▸ **What is required**
The answer should consist of all the records, written out word for word.

▸ **Input records**

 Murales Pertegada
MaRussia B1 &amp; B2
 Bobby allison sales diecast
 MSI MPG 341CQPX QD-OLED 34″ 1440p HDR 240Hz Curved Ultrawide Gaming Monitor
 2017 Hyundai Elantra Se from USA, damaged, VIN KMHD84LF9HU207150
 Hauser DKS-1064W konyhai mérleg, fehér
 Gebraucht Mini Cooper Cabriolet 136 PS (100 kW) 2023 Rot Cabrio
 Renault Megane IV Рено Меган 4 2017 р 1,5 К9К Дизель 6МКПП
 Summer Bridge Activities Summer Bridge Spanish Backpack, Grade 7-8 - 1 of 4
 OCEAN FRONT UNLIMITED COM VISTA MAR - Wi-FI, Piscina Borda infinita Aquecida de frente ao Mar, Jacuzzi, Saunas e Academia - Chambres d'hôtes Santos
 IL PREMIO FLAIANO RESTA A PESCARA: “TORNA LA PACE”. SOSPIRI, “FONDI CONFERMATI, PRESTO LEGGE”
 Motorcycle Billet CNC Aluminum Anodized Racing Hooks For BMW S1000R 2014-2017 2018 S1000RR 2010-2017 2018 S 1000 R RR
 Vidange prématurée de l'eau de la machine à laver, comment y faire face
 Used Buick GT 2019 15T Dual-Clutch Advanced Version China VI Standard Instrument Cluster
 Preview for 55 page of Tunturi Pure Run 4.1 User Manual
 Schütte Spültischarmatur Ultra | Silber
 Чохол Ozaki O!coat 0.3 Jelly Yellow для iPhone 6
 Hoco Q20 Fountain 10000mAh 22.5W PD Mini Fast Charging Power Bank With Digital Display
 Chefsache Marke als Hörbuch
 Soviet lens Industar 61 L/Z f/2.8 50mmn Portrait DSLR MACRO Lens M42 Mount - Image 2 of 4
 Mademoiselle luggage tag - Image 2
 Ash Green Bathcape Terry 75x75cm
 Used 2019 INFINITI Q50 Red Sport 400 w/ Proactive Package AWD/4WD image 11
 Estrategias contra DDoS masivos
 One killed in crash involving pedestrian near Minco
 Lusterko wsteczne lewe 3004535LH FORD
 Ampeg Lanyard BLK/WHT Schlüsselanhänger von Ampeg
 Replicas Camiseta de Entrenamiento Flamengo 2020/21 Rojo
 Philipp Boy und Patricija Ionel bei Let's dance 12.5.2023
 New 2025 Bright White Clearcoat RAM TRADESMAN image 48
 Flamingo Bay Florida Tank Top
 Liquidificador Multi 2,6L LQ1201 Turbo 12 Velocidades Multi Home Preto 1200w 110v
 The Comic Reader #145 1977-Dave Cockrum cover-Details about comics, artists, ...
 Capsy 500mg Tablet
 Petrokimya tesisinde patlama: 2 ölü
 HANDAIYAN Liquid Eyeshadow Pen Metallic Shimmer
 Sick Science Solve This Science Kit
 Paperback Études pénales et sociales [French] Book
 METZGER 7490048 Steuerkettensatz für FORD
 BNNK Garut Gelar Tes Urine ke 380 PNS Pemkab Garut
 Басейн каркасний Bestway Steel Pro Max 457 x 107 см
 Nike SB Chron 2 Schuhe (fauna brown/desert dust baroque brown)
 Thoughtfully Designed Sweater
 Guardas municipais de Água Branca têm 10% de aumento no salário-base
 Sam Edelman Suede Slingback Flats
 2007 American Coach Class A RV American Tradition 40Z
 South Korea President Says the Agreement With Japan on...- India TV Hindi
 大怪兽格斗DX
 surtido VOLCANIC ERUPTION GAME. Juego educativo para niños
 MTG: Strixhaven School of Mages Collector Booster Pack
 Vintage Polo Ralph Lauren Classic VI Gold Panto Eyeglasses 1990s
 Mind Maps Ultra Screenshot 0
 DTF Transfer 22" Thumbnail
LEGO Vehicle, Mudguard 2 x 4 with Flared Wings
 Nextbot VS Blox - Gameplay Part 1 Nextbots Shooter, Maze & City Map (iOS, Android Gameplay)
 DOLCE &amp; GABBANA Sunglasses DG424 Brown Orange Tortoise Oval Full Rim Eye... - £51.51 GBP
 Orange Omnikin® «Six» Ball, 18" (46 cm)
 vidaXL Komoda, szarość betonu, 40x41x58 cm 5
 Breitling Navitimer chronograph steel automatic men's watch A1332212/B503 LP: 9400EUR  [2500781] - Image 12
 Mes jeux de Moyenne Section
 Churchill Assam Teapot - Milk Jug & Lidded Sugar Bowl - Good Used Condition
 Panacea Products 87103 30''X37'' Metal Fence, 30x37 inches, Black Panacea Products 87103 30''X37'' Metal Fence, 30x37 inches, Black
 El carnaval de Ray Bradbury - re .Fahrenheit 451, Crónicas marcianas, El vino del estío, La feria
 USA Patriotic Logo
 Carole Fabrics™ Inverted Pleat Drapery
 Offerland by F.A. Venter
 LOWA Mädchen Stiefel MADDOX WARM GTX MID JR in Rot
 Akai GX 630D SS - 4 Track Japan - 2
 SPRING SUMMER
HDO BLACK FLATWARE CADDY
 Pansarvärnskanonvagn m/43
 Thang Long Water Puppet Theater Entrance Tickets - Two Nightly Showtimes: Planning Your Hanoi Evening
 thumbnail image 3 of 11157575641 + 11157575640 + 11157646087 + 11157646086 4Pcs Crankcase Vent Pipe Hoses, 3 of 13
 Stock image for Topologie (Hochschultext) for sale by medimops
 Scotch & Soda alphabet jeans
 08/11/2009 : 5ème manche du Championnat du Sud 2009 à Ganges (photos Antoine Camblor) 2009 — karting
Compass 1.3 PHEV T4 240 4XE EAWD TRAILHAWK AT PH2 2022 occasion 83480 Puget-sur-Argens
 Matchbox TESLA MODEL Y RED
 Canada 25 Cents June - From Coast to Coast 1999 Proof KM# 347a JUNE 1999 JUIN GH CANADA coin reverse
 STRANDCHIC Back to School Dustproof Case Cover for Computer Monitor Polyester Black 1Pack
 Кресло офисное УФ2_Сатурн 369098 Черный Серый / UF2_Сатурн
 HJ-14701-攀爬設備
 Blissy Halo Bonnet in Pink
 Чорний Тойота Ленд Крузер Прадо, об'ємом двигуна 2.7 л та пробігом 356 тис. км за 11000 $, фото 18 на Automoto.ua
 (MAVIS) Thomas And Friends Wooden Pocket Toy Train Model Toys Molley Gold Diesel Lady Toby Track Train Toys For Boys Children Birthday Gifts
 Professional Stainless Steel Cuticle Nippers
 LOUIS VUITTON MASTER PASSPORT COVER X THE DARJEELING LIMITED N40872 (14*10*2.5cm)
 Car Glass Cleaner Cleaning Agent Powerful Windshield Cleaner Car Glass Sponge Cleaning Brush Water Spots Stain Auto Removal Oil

▸ **Response to this exercise**
 Murales Pertegada
MaRussia B1 &amp; B2
 Bobby allison sales diecast
 MSI MPG 341CQPX QD-OLED 34″ 1440p HDR 240Hz Curved Ultrawide Gaming Monitor
 2017 Hyundai Elantra Se from USA, damaged, VIN KMHD84LF9HU207150
 Hauser DKS-1064W konyhai mérleg, fehér
 Gebraucht Mini Cooper Cabriolet 136 PS (100 kW) 2023 Rot Cabrio
 Renault Megane IV Рено Меган 4 2017 р 1,5 К9К Дизель 6МКПП
 Summer Bridge Activities Summer Bridge Spanish Backpack, Grade 7-8 - 1 of 4
 OCEAN FRONT UNLIMITED COM VISTA MAR - Wi-FI, Piscina Borda infinita Aquecida de frente ao Mar, Jacuzzi, Saunas e Academia - Chambres d'hôtes Santos
 IL PREMIO FLAIANO RESTA A PESCARA: “TORNA LA PACE”. SOSPIRI, “FONDI CONFERMATI, PRESTO LEGGE”
 Motorcycle Billet CNC Aluminum Anodized Racing Hooks For BMW S1000R 2014-2017 2018 S1000RR 2010-2017 2018 S 1000 R RR
 Vidange prématurée de l'eau de la machine à laver, comment y faire face
 Used Buick GT 2019 15T Dual-Clutch Advanced Version China VI Standard Instrument Cluster
 Preview for 55 page of Tunturi Pure Run 4.1 User Manual
 Schütte Spültischarmatur Ultra | Silber
 Чохол Ozaki O!coat 0.3 Jelly Yellow для iPhone 6
 Hoco Q20 Fountain 10000mAh 22.5W PD Mini Fast Charging Power Bank With Digital Display
 Chefsache Marke als Hörbuch
 Soviet lens Industar 61 L/Z f/2.8 50mmn Portrait DSLR MACRO Lens M42 Mount - Image 2 of 4
 Mademoiselle luggage tag - Image 2
 Ash Green Bathcape Terry 75x75cm
 Used 2019 INFINITI Q50 Red Sport 400 w/ Proactive Package AWD/4WD image 11
 Estrategias contra DDoS masivos
 One killed in crash involving pedestrian near Minco
 Lusterko wsteczne lewe 3004535LH FORD
 Ampeg Lanyard BLK/WHT Schlüsselanhänger von Ampeg
 Replicas Camiseta de Entrenamiento Flamengo 2020/21 Rojo
 Philipp Boy und Patricija Ionel bei Let's dance 12.5.2023
 New 2025 Bright White Clearcoat RAM TRADESMAN image 48
 Flamingo Bay Florida Tank Top
 Liquidificador Multi 2,6L LQ1201 Turbo 12 Velocidades Multi Home Preto 1200w 110v
 The Comic Reader #145 1977-Dave Cockrum cover-Details about comics, artists, ...
 Capsy 500mg Tablet
 Petrokimya tesisinde patlama: 2 ölü
 HANDAIYAN Liquid Eyeshadow Pen Metallic Shimmer
 Sick Science Solve This Science Kit
 Paperback Études pénales et sociales [French] Book
 METZGER 7490048 Steuerkettensatz für FORD
 BNNK Garut Gelar Tes Urine ke 380 PNS Pemkab Garut
 Басейн каркасний Bestway Steel Pro Max 457 x 107 см
 Nike SB Chron 2 Schuhe (fauna brown/desert dust baroque brown)
 Thoughtfully Designed Sweater
 Guardas municipais de Água Branca têm 10% de aumento no salário-base
 Sam Edelman Suede Slingback Flats
 2007 American Coach Class A RV American Tradition 40Z
 South Korea President Says the Agreement With Japan on...- India TV Hindi
 大怪兽格斗DX
 surtido VOLCANIC ERUPTION GAME. Juego educativo para niños
 MTG: Strixhaven School of Mages Collector Booster Pack
 Vintage Polo Ralph Lauren Classic VI Gold Panto Eyeglasses 1990s
 Mind Maps Ultra Screenshot 0
 DTF Transfer 22" Thumbnail
LEGO Vehicle, Mudguard 2 x 4 with Flared Wings
 Nextbot VS Blox - Gameplay Part 1 Nextbots Shooter, Maze & City Map (iOS, Android Gameplay)
 DOLCE &amp; GABBANA Sunglasses DG424 Brown Orange Tortoise Oval Full Rim Eye... - £51.51 GBP
 Orange Omnikin® «Six» Ball, 18" (46 cm)
 vidaXL Komoda, szarość betonu, 40x41x58 cm 5
 Breitling Navitimer chronograph steel automatic men's watch A1332212/B503 LP: 9400EUR  [2500781] - Image 12
 Mes jeux de Moyenne Section
 Churchill Assam Teapot - Milk Jug & Lidded Sugar Bowl - Good Used Condition
 Panacea Products 87103 30''X37'' Metal Fence, 30x37 inches, Black Panacea Products 87103 30''X37'' Metal Fence, 30x37 inches, Black
 El carnaval de Ray Bradbury - re .Fahrenheit 451, Crónicas marcianas, El vino del estío, La feria
 USA Patriotic Logo
 Carole Fabrics™ Inverted Pleat Drapery
 Offerland by F.A. Venter
 LOWA Mädchen Stiefel MADDOX WARM GTX MID JR in Rot
 Akai GX 630D SS - 4 Track Japan - 2
 SPRING SUMMER
HDO BLACK FLATWARE CADDY
 Pansarvärnskanonvagn m/43
 Thang Long Water Puppet Theater Entrance Tickets - Two Nightly Showtimes: Planning Your Hanoi Evening
 thumbnail image 3 of 11157575641 + 11157575640 + 11157646087 + 11157646086 4Pcs Crankcase Vent Pipe Hoses, 3 of 13
 Stock image for Topologie (Hochschultext) for sale by medimops
 Scotch & Soda alphabet jeans
 08/11/2009 : 5ème manche du Championnat du Sud 2009 à Ganges (photos Antoine Camblor) 2009 — karting
Compass 1.3 PHEV T4 240 4XE EAWD TRAILHAWK AT PH2 2022 occasion 83480 Puget-sur-Argens
 Matchbox TESLA MODEL Y RED
 Canada 25 Cents June - From Coast to Coast 1999 Proof KM# 347a JUNE 1999 JUIN GH CANADA coin reverse
 STRANDCHIC Back to School Dustproof Case Cover for Computer Monitor Polyester Black 1Pack
 Кресло офисное УФ2_Сатурн 369098 Черный Серый / UF2_Сатурн
 HJ-14701-攀爬設備
 Blissy Halo Bonnet in Pink
 Чорний Тойота Ленд Крузер Прадо, об'ємом двигуна 2.7 л та пробігом 356 тис. км за 11000 $, фото 18 на Automoto.ua
 (MAVIS) Thomas And Friends Wooden Pocket Toy Train Model Toys Molley Gold Diesel Lady Toby Track Train Toys For Boys Children Birthday Gifts
 Professional Stainless Steel Cuticle Nippers
 LOUIS VUITTON MASTER PASSPORT COVER X THE DARJEELING LIMITED N40872 (14*10*2.5cm)
 Car Glass Cleaner Cleaning Agent Powerful Windshield Cleaner Car Glass Sponge Cleaning Brush Water Spots Stain Auto Removal Oil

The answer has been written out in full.